I rated Lowe well enough to be an AB. Remember we were picking the likes of George Bridge above such players so theres no disputing a lot of bad decisions have been made by those last two coaches. Does a team like the ABs need a finicky winger who you have to adapt and change a lot of your style with to get benefit from? No, not really. But he still would have been a basic improvement on players like even Savea at the tail of his career, Bridge, and could even have converted into the answer of replacing Beauden at the back. Instead we persisted with NMS, Naholo, Havili, Reece, all players we would have cared even less about losing and all because Rieko had Lowe's number 11 jersey nailed down.


He was of course only 23 when he decided to leave, it was back in the beggining of the period they had started retaining players (from 2018 onwards I think, they came out saying theyre going to be more aggressive at some point). So he might, all of them, only just missed out.

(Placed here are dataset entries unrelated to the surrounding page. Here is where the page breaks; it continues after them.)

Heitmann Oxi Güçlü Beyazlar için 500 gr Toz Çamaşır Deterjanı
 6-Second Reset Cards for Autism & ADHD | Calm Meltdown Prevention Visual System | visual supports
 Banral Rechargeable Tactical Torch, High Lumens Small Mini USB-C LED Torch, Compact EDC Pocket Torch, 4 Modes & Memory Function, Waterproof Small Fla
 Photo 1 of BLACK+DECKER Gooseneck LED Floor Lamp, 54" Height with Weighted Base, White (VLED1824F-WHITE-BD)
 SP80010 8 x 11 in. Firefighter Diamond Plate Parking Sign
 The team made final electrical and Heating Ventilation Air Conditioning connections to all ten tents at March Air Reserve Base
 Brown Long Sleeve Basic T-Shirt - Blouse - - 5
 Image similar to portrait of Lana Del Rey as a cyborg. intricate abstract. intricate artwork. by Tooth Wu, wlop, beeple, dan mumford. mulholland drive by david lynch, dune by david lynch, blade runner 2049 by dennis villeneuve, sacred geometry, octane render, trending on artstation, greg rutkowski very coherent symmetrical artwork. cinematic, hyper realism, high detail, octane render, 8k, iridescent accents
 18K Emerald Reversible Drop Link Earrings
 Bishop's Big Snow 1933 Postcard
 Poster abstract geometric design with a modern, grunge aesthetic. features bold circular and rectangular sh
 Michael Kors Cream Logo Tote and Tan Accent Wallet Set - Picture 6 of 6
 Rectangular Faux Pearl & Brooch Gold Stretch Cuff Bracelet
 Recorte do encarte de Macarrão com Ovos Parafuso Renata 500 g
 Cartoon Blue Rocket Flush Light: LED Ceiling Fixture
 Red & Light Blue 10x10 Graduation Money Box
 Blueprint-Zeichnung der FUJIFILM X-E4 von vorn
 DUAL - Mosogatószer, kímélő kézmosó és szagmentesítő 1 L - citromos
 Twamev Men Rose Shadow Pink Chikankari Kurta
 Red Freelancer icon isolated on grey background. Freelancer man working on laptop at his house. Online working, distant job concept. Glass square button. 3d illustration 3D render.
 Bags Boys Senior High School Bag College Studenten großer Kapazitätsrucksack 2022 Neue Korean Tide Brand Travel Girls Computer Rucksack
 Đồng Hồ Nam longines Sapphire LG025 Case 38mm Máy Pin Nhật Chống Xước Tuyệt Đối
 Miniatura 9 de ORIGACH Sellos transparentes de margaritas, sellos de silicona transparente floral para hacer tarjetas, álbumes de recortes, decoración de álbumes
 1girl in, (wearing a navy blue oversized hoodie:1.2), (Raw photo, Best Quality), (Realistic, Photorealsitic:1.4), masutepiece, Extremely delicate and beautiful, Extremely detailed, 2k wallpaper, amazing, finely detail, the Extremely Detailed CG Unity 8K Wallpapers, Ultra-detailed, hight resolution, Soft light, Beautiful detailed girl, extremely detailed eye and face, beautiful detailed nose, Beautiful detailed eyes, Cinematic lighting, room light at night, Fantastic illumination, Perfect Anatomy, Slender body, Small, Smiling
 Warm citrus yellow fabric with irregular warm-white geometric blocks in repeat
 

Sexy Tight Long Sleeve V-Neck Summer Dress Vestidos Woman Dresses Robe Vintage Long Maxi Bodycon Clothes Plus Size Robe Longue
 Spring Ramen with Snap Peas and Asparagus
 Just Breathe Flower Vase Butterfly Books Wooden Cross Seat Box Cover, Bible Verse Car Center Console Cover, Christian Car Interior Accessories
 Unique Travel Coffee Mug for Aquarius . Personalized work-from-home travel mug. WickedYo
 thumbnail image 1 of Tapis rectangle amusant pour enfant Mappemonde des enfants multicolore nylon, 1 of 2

The main point that Ed made is that situations like Lowe's, Aki's, JGP's, aren't going to happen in future. That's a bit of a "NZ" only problem, because those players need to reach such a high standard to be chosen by the All Blacks, were as a country like Ireland wants them a lot earlier like that. This is basically the 'ready in 3 years' concept Ireland relied on, versus the '5 years and they've left' concept' were that player is now ready to be chosen by the All Blacks (given a contract to play Super, ala SBW, and hopefully Manu).


The 'mercenary' thing that will take longer to expire, and which I was referring to, is the grandparents rule. The new kids coming through now aren't going to have as many gp born overseas, so the amount of players that can leave with a prospect of International rugby offer are going to drop dramatically at some point. All these kiwi fellas playing for a PI, is going to stop sadly.


The new era problem that will replace those old concerns is now French and Japanese clubs (doing the same as NRL teams have done for decades by) picking kids out of school. The problem here is not so much a national identity one, than it is a farm system where 9 in 10 players are left with nothing. A stunted education and no support in a foreign country (well they'll get kicked out of those countries were they don't in Australia).


It's the same sort of situation were NZ would be the big guy, but there weren't many downsides with it. The only one I can think was brought up but a poster on this site, I can't recall who it was, but he seemed to know a lot of kids coming from the Islands weren't really given the capability to fly back home during school xms holidays etc. That is probably something that should be fixed by the union. Otherwise getting someone like Fakatava over here for his last year of school definitely results in NZ being able to pick the cherries off the top but it also allows that player to develop and be able to represent Tonga and under age and possibly even later in his career. Where as a kid being taken from NZ is arguably going to be worse off in every respect other than perhaps money. Not going to develop as a person, not going to develop as a player as much, so I have a lotof sympathy for NZs case that I don't include them in that group but I certainly see where you're coming from and it encourages other countries to think they can do the same while not realising they're making a much worse experience/situation.